Bísaro

A criança perguntou, Vão cantar ópera? Eu pensei, De facto parecia um espetáculo de ópera cantada. Quando a criança atingir a idade dos espectadores da primeira fila, as melodias do José Afonso já acompanham a música clássica. Ofereceram-me um cravo, um cravo vermelho de Abril, coloquei-o numa jarra com água e decidi contar os dias até ao seu fenecimento. De início ainda floresceu mais, ficou mais vermelho e aberto para todos, durante vários dias, quase um mês, mas depois começou a murchar e acabou por perecer. Foi o último a murchar, de um grupo de quatro (alambazado), talvez por ter sido entregue com vigor revolucionário ou, quem sabe, por fazer parte daqueles, como as pessoas, que resistem e não desistem, que são independentes e não dependentes de comprometimentos escusos e inarráveis.

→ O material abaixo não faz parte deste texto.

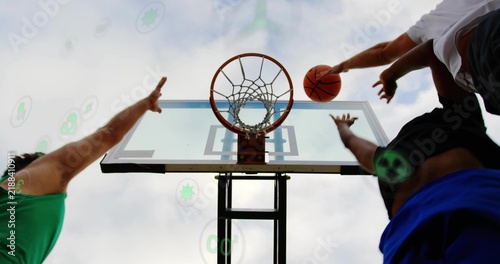 Reaching two players contesting basket at park court, in athletic gear and holding orange ball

Abril é assim, transporta-nos quase sempre para aquele país cinzento e triste que ainda vi e dei a ver, a umas colegas de profissão, em Bragança, através dos olhos de Georges Dussaud, num conjunto de cento e quarenta e oito fotografias a preto e branco, em que sobressaem histórias de vida e de lugares, em instantes registados, no início dos anos oitenta do passado século, em terras de Trás-os-Montes. Como era miserável o nosso povo, as nossas gentes, como estavam subordinadas a uma vida de sacrifício, iludidas pela fé das boas vontades e das vestes dominicais. As diferenças sociais acentuadas pelos resquícios da mentalidade fascista, num fascismo que parece quase eterno, ainda diferenciava, nos anos noventa, a filha do taxista ou a filha do comerciante, das outras filhas dos proprietários urbanos e agrícolas, como me segredava uma amiga.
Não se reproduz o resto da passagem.